TOKYO — Miwa Sado, a young journalist for Japan’s state-run broadcaster, spent the summer of 2013 frantically covering two local elections in Tokyo.
Over the course of a month, she clocked 159 hours of overtime. She rarely took weekends off. She worked until midnight nearly every night. On her birthday, June 26, she emailed her parents, who thought she sounded weak.
Not quite a month later, just days after the second election, she died of congestive heart failure. She was 31.
The case — the latest high-profile example of karoshi, or “death from overwork” — came to light only after the broadcaster, NHK, announced it this week.
Karoshi became widely recognized as a phenomenon in the late 1980s, as stories of blue-collar employees keeling over at work appeared to expose a sinister side to Japan’s postwar economic miracle. Over the years, cases of karoshi have been reported among white-collar executives, automotive engineers and immigrant trainees.

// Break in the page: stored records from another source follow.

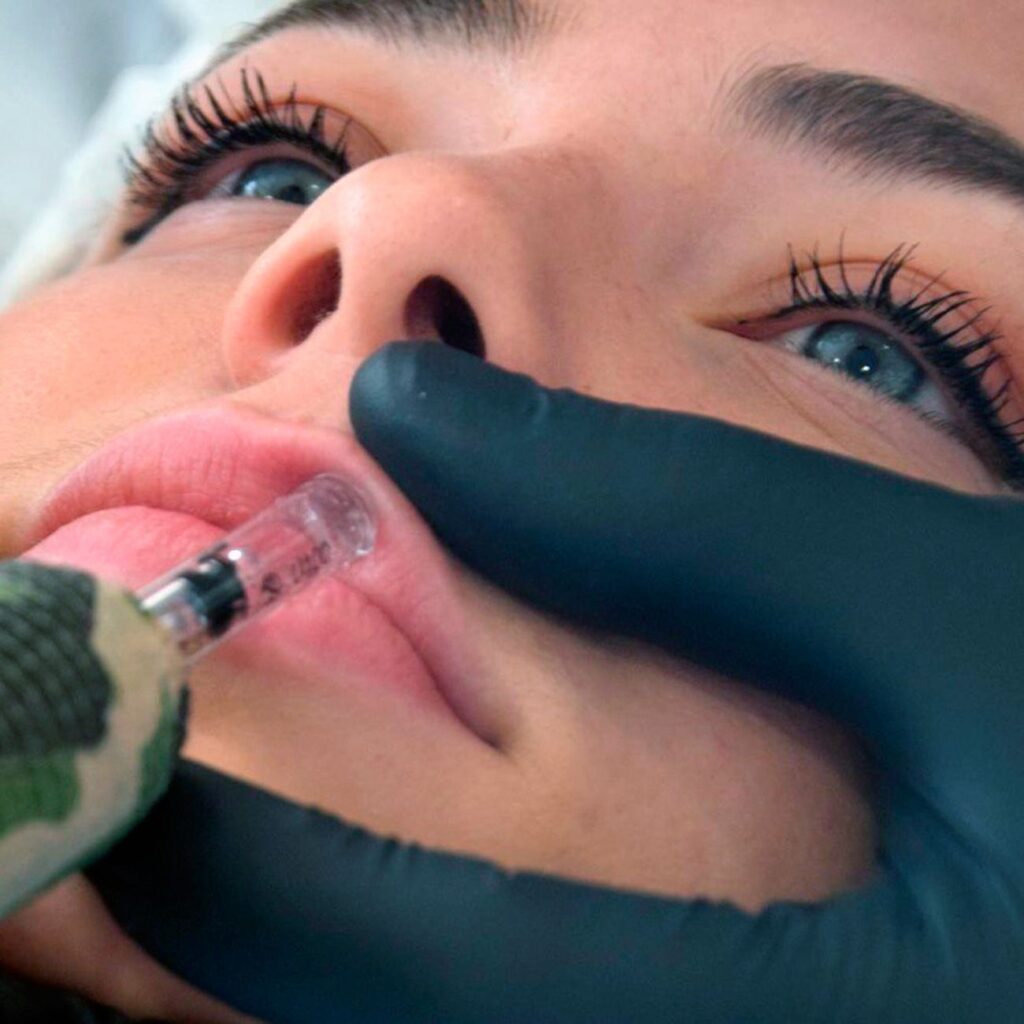 ACIDO HIALURONICO LABIOS, HIALUROPEN PALMA DE MALLORCA CENTROS MOURE (8)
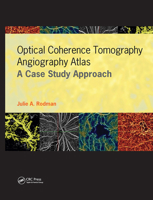 Optical Coherence Tomography Angiography Atlas: A Case Study Approach 1630916412 Book Cover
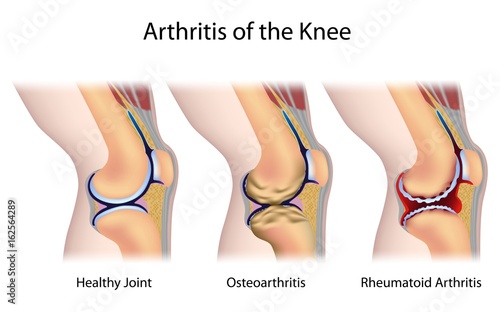 Common types of arthritis of the knee joint photo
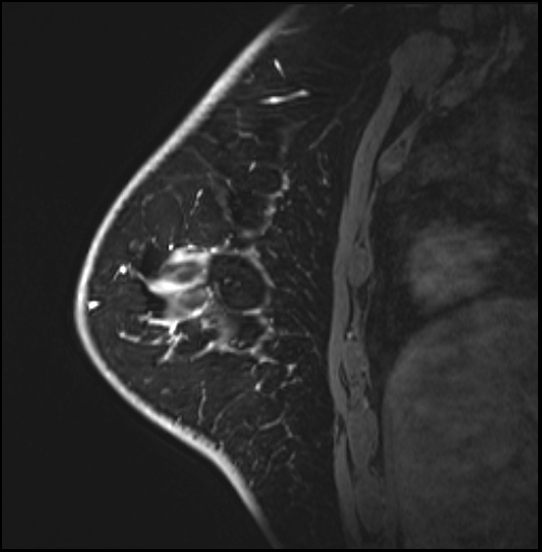 Normal breast MRI - dense breasts (Radiopaedia 80454-93850 I 138).jpg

In a 2016 government report on karoshi, nearly a quarter of companies surveyed said that some employees were working more than 80 hours of overtime a month. Months later, the president of the advertising agency Dentsu resigned after an outcry over the 2015 death of an employee, Matsuri Takahashi, 24, who jumped from the roof of an employee dormitory.
Like Ms. Takahashi, Ms. Sado was a young woman making her way in a blue-chip organization. Her employer is considered one of the most prestigious companies in Japan, a country where exhaustion is often seen as a sign of diligence.
A 2014 government investigation found that Ms. Sado’s death was a direct result of her work life.
“She was under circumstances that she could not secure enough days off due to responsibilities that required her to stay up very late,” the labor office in the Shibuya section of Tokyo said in a statement to the Asahi Shimbun newspaper. The office described her as being “in a state of accumulated fatigue and chronic sleep deprivation” at the time her death.
The broadcaster said it had delayed revealing details about Ms. Sado’s death out of respect for her family and timed the release to coincide with planned workplace changes.
“We decided to disclose her death to all of our employees and to the public to share the company’s resolve to prevent a recurrence and follow through with reforms,” NHK said.